Sul21: Quais foram os critérios de escolha para montar a exposição?

Sidinei Brzuska: Eu devo ter entre 10 e 15 mil fotos do Presídio Central. Acabei selecionando mil fotos, tiradas em muitos momentos diferentes. Deixei todas essas mil fotos num mesmo padrão de textura, luz e contraste, como se fossem todas tiradas no mesmo dia, na mesma hora. Dessas mil, foram selecionadas um pouco mais de 80 fotos que integram a exposição agora. Ela está dividida em cinco momentos onde é mostrada a inteireza do Presídio Central. Não é uma exposição sensacionalista. Há uma parte da exposição que trata do andar das visitas, retratando a sua passagem desde o momento em que está fora do presídio, como ela ingressa e as partes às quais ela tem acesso. Ela também mostra as partes administrativas do presídio, sala de aula, enfermaria, local de trabalho dos profissionais. Além disso, mostra o tipo de material que a Brigada Militar utiliza em seu trabalho e o dia-a-dia nos corredores do presídio.
O Presídio Central é administrado pela Brigada Militar e tem uma regra segundo a qual da boca da galeria para dentro o controle é dos presos. A exposição também traz fotos desses ambientes onde os presos vivem, mostrando como eles se arrumam nas galerias, como se arrumam nas celas e como se ajeitam nos pátios. É uma exposição bem ampla, portanto. Muitas das fotos estão legendadas, contando a história da foto e o conjunto dessas legendas conta toda a história do presídio, abordando questões como o tráfico de drogas e de armas, crimes cometidos do lado de dentro e do lado de fora. Tudo isso vai sendo contado pelas imagens e pelas legendas. A exposição conta, por exemplo, que em um período curto de tempo foram apreendidas 58 armas industriais dentro do presídio. Uma dessas armas, que está na exposição, é uma pistola 9 milímetros nova, fabricada pela Taurus. Indagada sobre o comprador daquela pistola, a empresa informou que ela foi comprada em Miami, nos Estados Unidos. Poucos meses depois, estava dentro do Central.
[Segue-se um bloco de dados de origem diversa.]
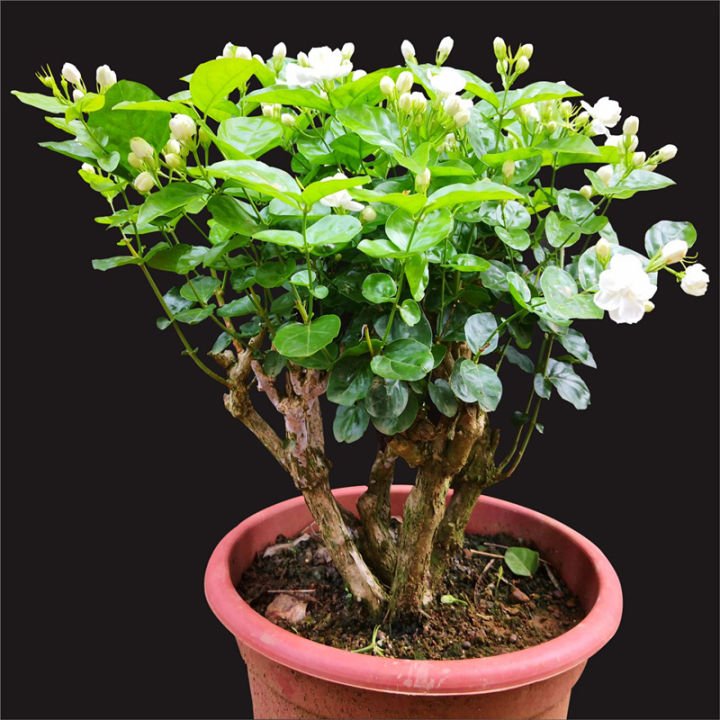 โปรโมชั่น-เมล็ดพันธุ์-ต้นมะลิ-jasmine-seeds-ต้นไม้มงคล-ต้นไม้ฟอกอากาศ-บอนไซ-ต้นไม้-พันธุ์ไม้ดอก-ต้นไม้ประดับ-บรรจุ-50-เมล็ด-ราคาถูก-ม่าน-แอร์-ม่าน-ลม-กั้น-แอร์-แอร์-ม่าน-อากาศ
A exposição também traz uma crítica ao sistema de Justiça, em uma foto onde aparecem duas mãos estendidas. Um dia eu estava caminhando no Central e deparei-me com um preso que era, literalmente, um farrapo. Vestia roupas totalmente rasgadas, uma por cima da outra. Tinha dois ou três calções. Um calção por cima de um moletom. Meias furadas uma de cada cor. Além disso, estava com um olho vazado.
Perguntei para ele porque estava ali ele, instantaneamente, me mostrou as mãos totalmente calejadas. “Olha as minhas mãos, eu sou um traficante?” – me disse.
Esse sujeito era um carroceiro que andava pelas ruas e, num certo dia, deve ter exagerado na cachaça, talvez tenha atrapalhado o trânsito, foi detido pela polícia e deve ter mandado os policiais para aquele lugar. Acabou sendo preso por tráfico e ficou preso um ano e oito meses

Sul21: Como o acervo do magistrado Marco Antônio Bandeira Scapini, composto por imagens do fotógrafo Marco Aurélio Couto, entrou na exposição?

Sidinei Brzuska: Quando o Ministério Público pediu a interdição do Presídio Central, em 1995, Scapini contratou um fotógrafo para fotografar o presídio. Quando ele se aposentou, ele guardou essas fotos em casa. Ficou com medo que elas se perdessem aqui. Um belo dia, ele entrou na minha sala e disse que ia me entregar essas fotos, pois talvez eu pudesse fazer um uso delas. Eu até não o conhecia tanto assim. Nos conhecíamos mais lateralmente, pois temos uma briga em comum: ele era gremista doente e eu sou colorado doente. Infelizmente ele nos deixou muito cedo.

Sul21: Há uma tendência na sociedade de não querer ver realidades como esta do Presídio Central. Essa exposição também parece ter uma função de mostrar o que as pessoas não querem ver.

Sidinei Brzuska: Sim. Essa é uma questão cultural nossa. A ideia do quanto pior melhor é muito forte entre nós. As pessoas não se dão conta de quanto pior, melhor é para o crime. Na verdade, todo mundo colabora, de um jeito ou de outro, para que esse quadro esteja do jeito que está.